# Maverick HPX-S F70 Prop



## Flyboy (Aug 26, 2019)

Looking to change the prop on my skiff, right now it has an aluminum 14 pitch prop that the dealer put on. WOT I'll get 6200rpm at 34-35 mph with just me on the boat, speed is obviously lower with gear/people. I'm looking at two offerings from powertech, SCD4 15p and SCD3 16p. I'd like to add a to the top speed without losing too much on acceleration. With the jackplate raised much more than an 2inches, the current prop blows out, would like to improve that too. Really interested to hear what other people have experienced with these props or any other suggestions.


----------



## BrownDog (Jun 22, 2019)

I have a turbo quest on mine, will have to check pitch tomorrow but I think 16.

solo with a full tank I am 38ish at 6200rpm, getting 34ish with me and 2 anglers is doable.

I have no jack plate but have no issues with blow out.

not throw you back acceleration but no issues popping up in a creek with a full load.

anything you do will be better than that aluminum


----------



## CoastalGAfisher07 (Nov 21, 2010)

Ive never run that boat but a member on here wrote:
I am running the PowerTech SCD 3 blade 16pitch on my HPX-S (70Yamaha) - 6,300RPMS 42MPH. When I am trimmed down the RPMS only hit like 5,800.
The members name was " I Heart Big Uglies" . I have no idea how to properly tag him on here or give him credit.
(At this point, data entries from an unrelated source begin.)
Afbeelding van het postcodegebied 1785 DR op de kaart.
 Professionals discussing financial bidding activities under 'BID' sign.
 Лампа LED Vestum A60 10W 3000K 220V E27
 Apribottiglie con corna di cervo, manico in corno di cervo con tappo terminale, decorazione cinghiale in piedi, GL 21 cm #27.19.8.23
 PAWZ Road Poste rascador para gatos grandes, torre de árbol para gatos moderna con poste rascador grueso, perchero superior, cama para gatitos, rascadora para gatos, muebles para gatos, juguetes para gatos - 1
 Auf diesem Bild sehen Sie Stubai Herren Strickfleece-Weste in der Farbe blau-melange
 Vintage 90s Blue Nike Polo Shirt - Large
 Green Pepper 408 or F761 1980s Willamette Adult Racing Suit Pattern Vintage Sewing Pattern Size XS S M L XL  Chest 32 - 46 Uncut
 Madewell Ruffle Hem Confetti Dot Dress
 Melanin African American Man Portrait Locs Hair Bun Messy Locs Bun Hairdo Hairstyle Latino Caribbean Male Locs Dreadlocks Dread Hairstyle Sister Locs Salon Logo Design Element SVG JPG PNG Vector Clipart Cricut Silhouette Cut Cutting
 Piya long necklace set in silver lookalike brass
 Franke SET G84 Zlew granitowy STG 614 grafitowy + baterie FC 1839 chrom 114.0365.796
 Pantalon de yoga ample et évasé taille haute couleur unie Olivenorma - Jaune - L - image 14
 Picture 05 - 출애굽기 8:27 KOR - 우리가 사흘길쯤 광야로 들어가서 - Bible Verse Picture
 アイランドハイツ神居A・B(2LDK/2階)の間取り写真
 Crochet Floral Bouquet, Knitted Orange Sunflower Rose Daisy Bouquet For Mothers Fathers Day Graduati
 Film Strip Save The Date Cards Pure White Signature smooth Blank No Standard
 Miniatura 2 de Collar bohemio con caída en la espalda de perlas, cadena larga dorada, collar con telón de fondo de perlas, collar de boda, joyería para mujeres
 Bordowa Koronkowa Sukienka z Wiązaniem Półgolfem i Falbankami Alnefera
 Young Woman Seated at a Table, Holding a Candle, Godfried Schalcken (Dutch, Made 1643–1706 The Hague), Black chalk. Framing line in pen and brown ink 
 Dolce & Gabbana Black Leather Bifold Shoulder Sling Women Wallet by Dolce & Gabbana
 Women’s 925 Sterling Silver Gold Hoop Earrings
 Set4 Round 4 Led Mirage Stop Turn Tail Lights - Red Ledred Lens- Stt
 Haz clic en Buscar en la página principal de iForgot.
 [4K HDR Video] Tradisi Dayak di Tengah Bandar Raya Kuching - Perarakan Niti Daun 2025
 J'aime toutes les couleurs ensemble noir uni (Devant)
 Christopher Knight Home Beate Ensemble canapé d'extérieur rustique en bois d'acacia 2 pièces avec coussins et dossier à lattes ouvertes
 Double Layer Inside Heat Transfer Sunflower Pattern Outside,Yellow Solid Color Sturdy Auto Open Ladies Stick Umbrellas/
Hope this helps.


----------



## CoastalGAfisher07 (Nov 21, 2010)

I Heart Big Ugglies said:


> I am running the PowerTech SCD 3 blade 16pitch on my HPX-S (70Yamaha) - 6,300RPMS 42MPH. When I am trimmed down the RPMS only hit like 5,800.


----------



## Headhunter (Mar 22, 2016)

Had the scd 4 blade on mine. For me it was all about hole shot. If you want top speed go with the 3 blade.


----------



## Smackdaddy53 (Dec 31, 2012)

Headhunter said:


> Had the scd 4 blade on mine. For me it was all about hole shot. If you want top speed go with the 3 blade.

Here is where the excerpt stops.